In this example, the initial estimate of z for the M-step is a matrix of indicator variables corresponding to a discrete classification taken from the true classes contained in iris$Species. Here, we used the function unmap() to convert the classification into the corresponding matrix of indicator variables. The inverse function, called map(), converts a matrix in which each row sums to 1 into an integer vector specifying for each row the column index of the maximum. This last operation is basically the MAP when applied to the matrix of posterior conditional probabilities (see Section 2.2.4).

3.9 Further Considerations in Cluster Analysis via Mixture Modeling

Clustering can be affected by control parameter settings, such as convergence tolerances within the clustering functions, although the defaults are often adequate.

Control parameters used by the EM functions in mclust are set and retrieved using the function emControl(), These include:

  • eps: A tolerance value for terminating iterations due to ill-conditioning, such as near singularity in covariance matrices. By default this is set to .Machine$double.eps, the relative machine precision, which has the value 2.220446e-16 on IEEE-compliant machines.

  • tol: A vector of length 2 giving iteration convergence tolerances. By default this is set to c(1.0e-5, sqrt(.Machine$double.eps)). The first value is the tolerance for the relative convergence of the log-likelihood in the EM algorithm, and the second value is the relative convergence tolerance for the M-step of those models that have an iterative M-step, namely the models VEI, EVE, VEE, VVE, and VEV (see Table 2.2).

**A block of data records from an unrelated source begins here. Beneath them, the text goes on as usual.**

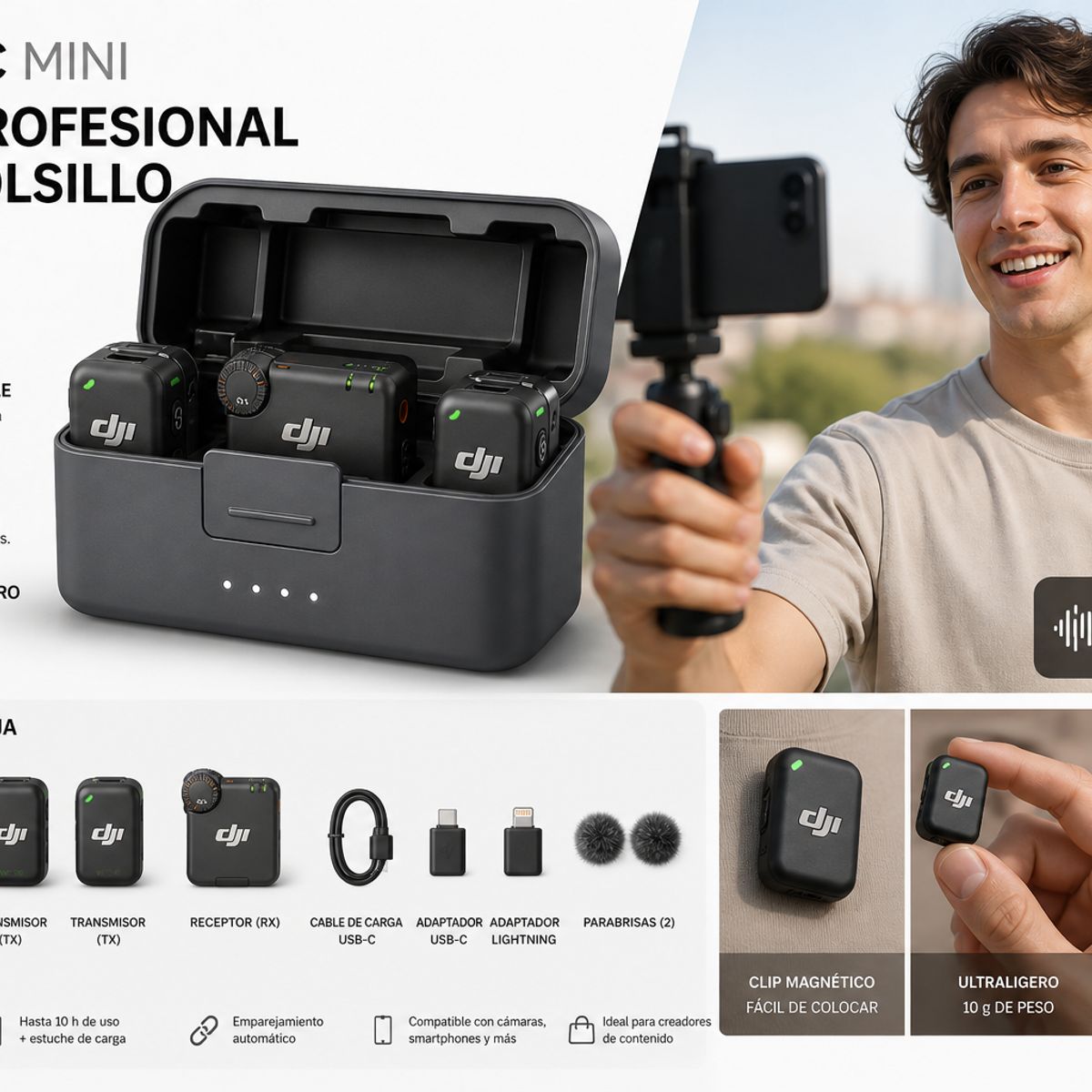 AMERICAN AUDIO - DJI Mic Mini — Sistema de Micrófonos Inalámbricos - 2 TX + 1 RX + Estuche de Carga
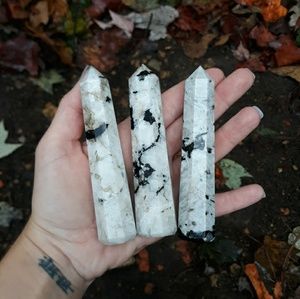 Lot of 3 Rainbow Moonstone towers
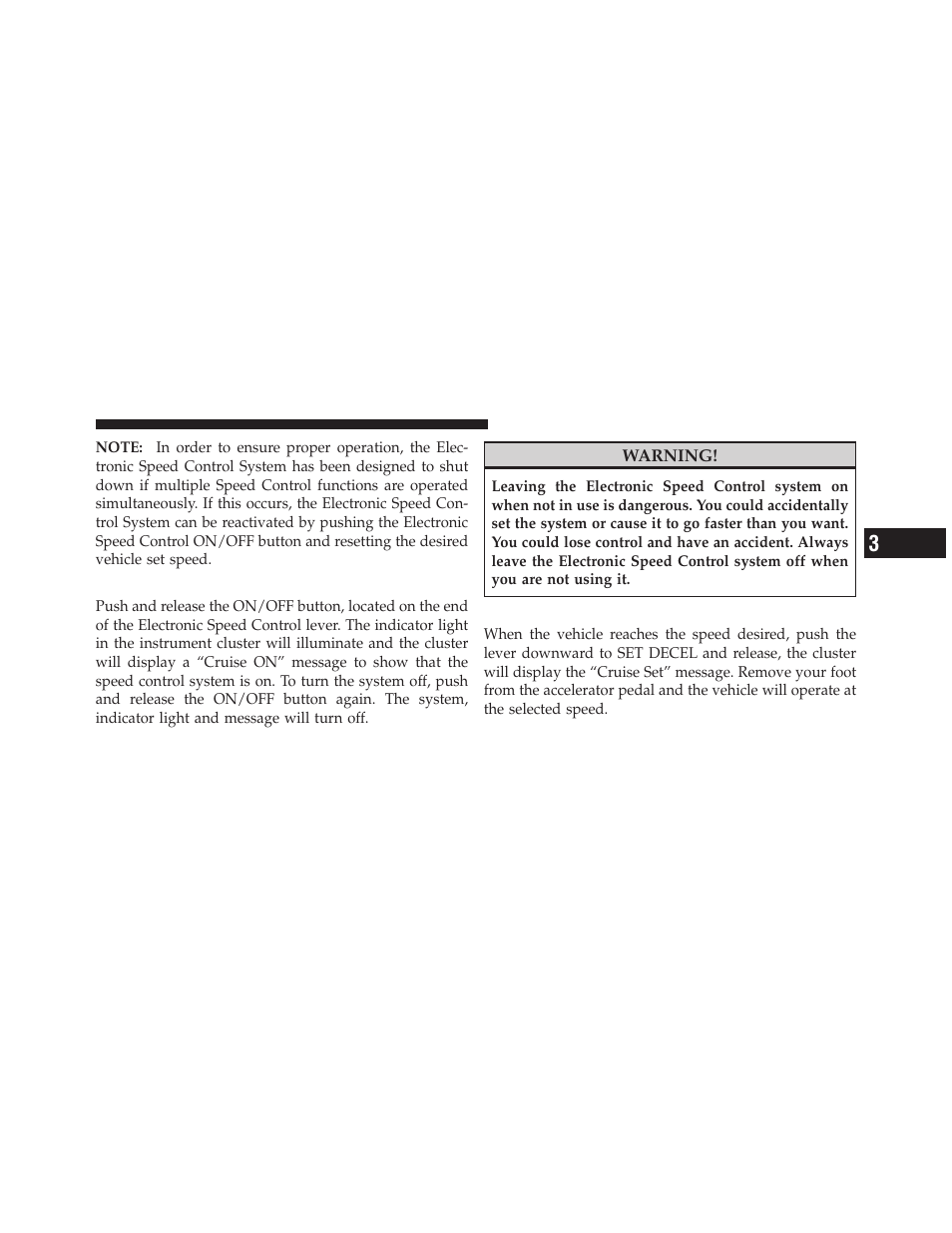 To activate, To set at a desired speed | Chrysler 2010 300 - Owner Manual User Manual | Page 160 / 538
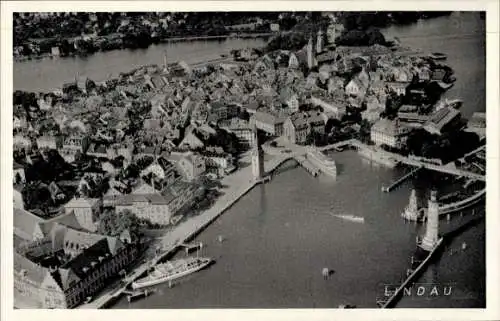 Ak Lindau am Bodensee Schwaben, Fliegeraufnahme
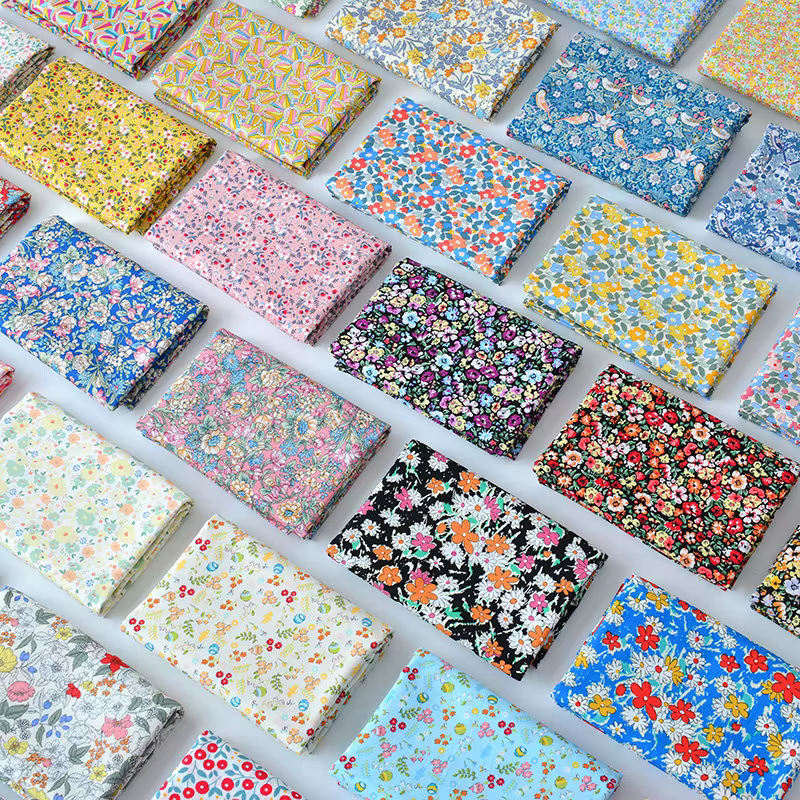 Tissu popeline de coton pur à motifs floraux fins, vendu au mètre, pour la confection de robes, vêtements, linge de lit, rideaux, et la couture pour enfants, tissu imprimé été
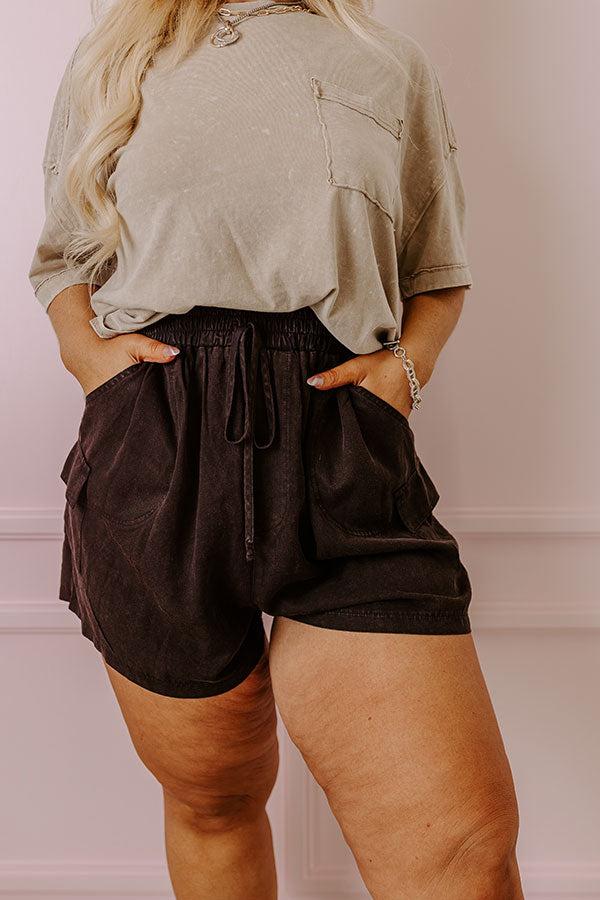 The Aleena High Waist Shorts In Vintage Black Curves Product Image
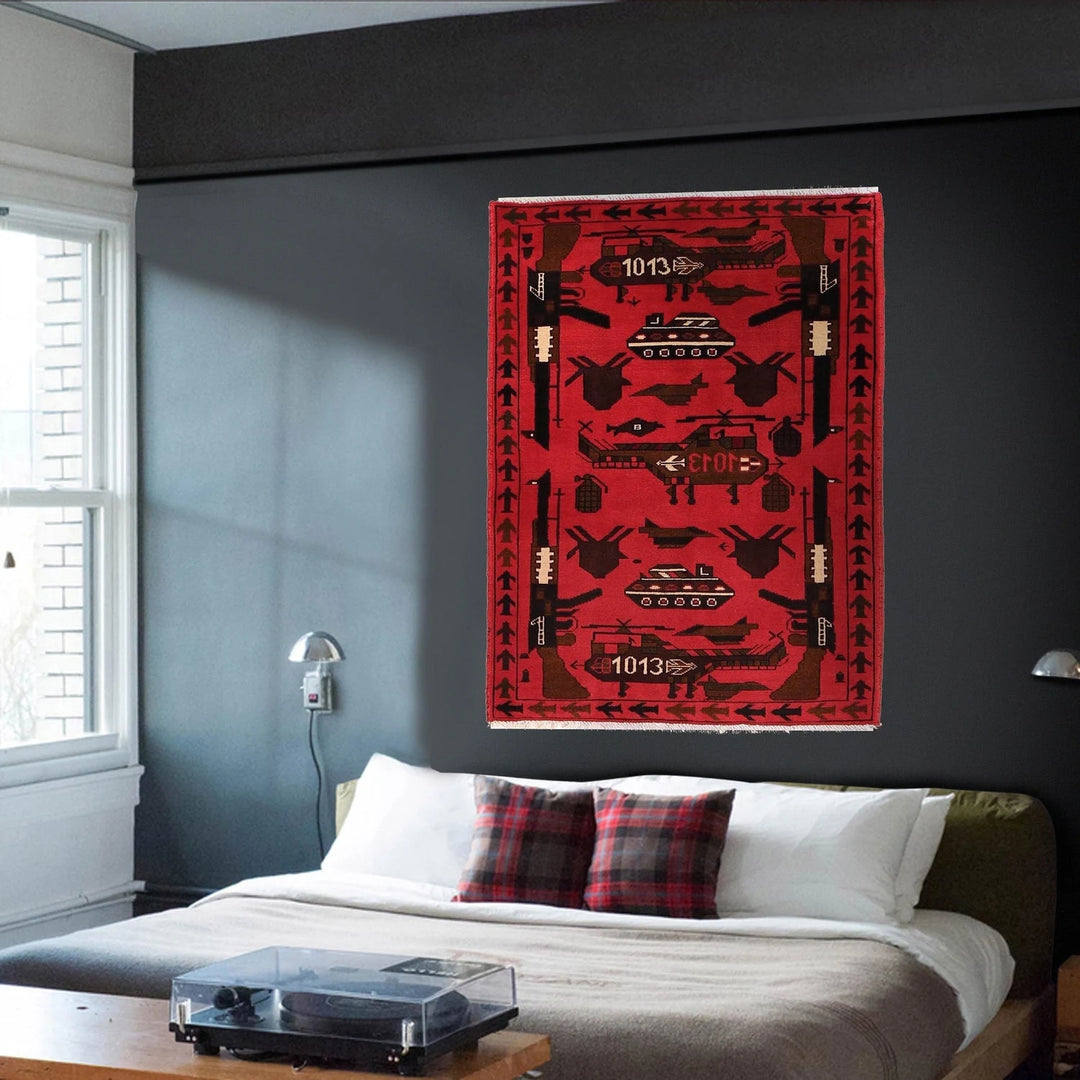 Pink Afghan War Rug 2' 8" x 4' 3" Hand-Knotted | No. AL97968
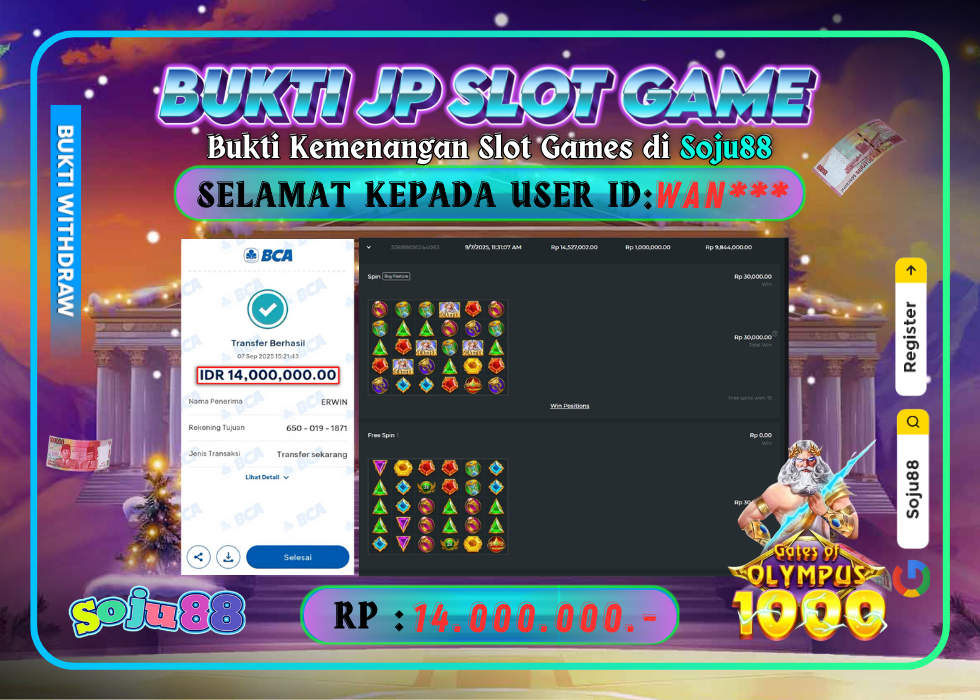 JACKPOT SLOT GAME (GATES OF OLYMPUS 1000) RP.14.000.000,- LUNAS DI SOJU88!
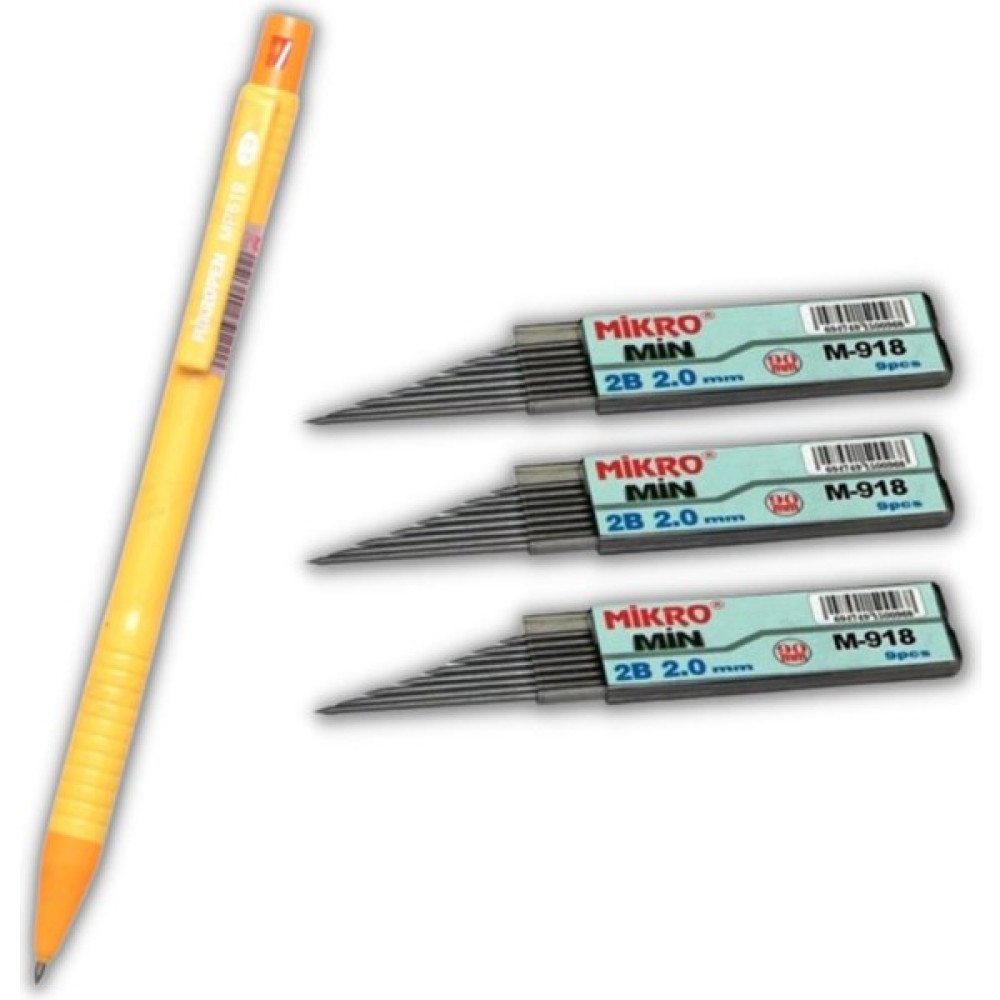 Mikro 2.0 mm Kalın Uçlu Versatil Kalem 1 Adet ve 2.0 mm Kalın Uç Siyah 3 Adet - Sarı Mekanik Kurşun (Versatil) Kalem Fiyatı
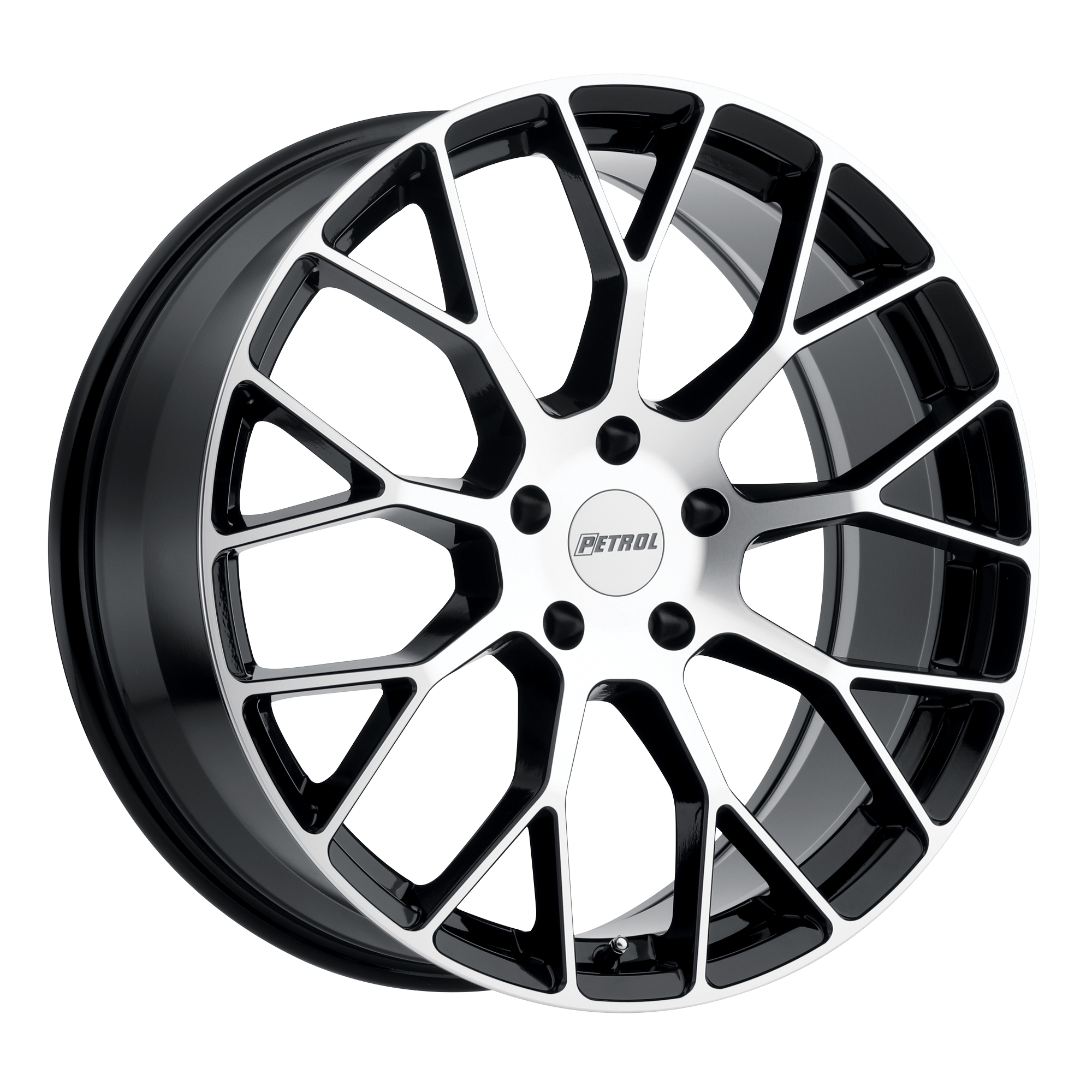 PETROL P2B GLOSS BLACK W/ MACHINED FACE WHEELS | 16X7 | 5X100 | OFFSET: 40MM | CB: 73.1MM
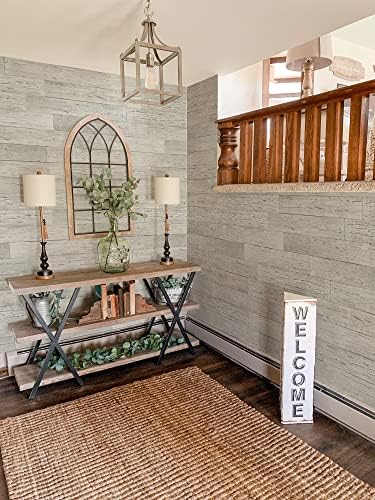 COLAMO 10pack White-Washed Weathered Real Pine Wood Peel and Stick Backsplash Wall Planks, Self Stick On Shiplap Boards Paneling for RV Bedroom Living Room Accent Wall, Adhesive Wooden Wall Panel COLAMO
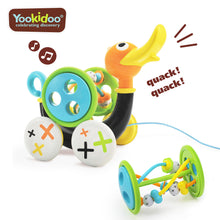 Load image into Gallery viewer, Yookidoo Push Pull Along Toy Whistling Duck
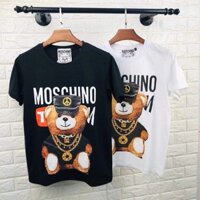 Moschino / Moschino Hoạt Hình Vòng Cổ Áo Khoác Da Gấu Bông In Hình Áo Thun Nữ Tay Ngắn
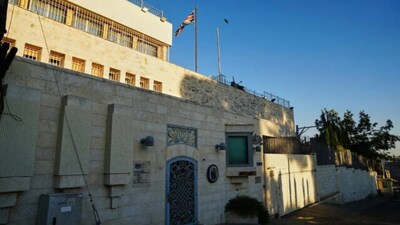 A view of the the British Consulate in east Jerusalem after Israeli Foreign Minister Gideon Sa’ar announced that Israel would close the facility in response to UK sanctions on Israeli settlements in the West Bank. (Photo:AP)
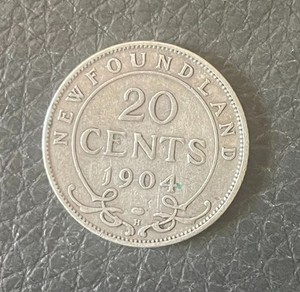NEWFOUNDLAND Silver Coin 20 Cents 1904 Edward VII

  • itmax : An integer vector of length two giving integer limits on the number of EM iterations and on the number of iterations in the inner loop for models with iterative M-step (see above). By default this is set to c(.Machine$integer.max, .Machine$integer.max), allowing termination to be completely governed by the control parameter tol. A warning is issued if this limit is reached before the convergence criterion is satisfied.

Although these control settings are in a sense hidden by the defaults, they may have a significant effect on results in some instances and should be taken into consideration in any analysis.

The mclust implementation includes various warning messages in cases of potential problems. These are issued if mclust.options("warn") is set to TRUE or specified directly in function calls. Note, however, that by default mclust.options("warn") = FALSE, so that these warning messages are suppressed.

Finally, it is important to take into account numerical issues in model-based cluster analysis, and more generally in GMM estimation. The computations for estimating the model parameters break down when the covariance corresponding to one or more components becomes ill-conditioned (singular or nearly singular), and cannot proceed if clusters contain only a few observations or if the observations they contain are nearly colinear. Estimation may also fail when one or more mixing proportions shrink to negligible values. Including a prior is often helpful in such situations (see Section 7.2).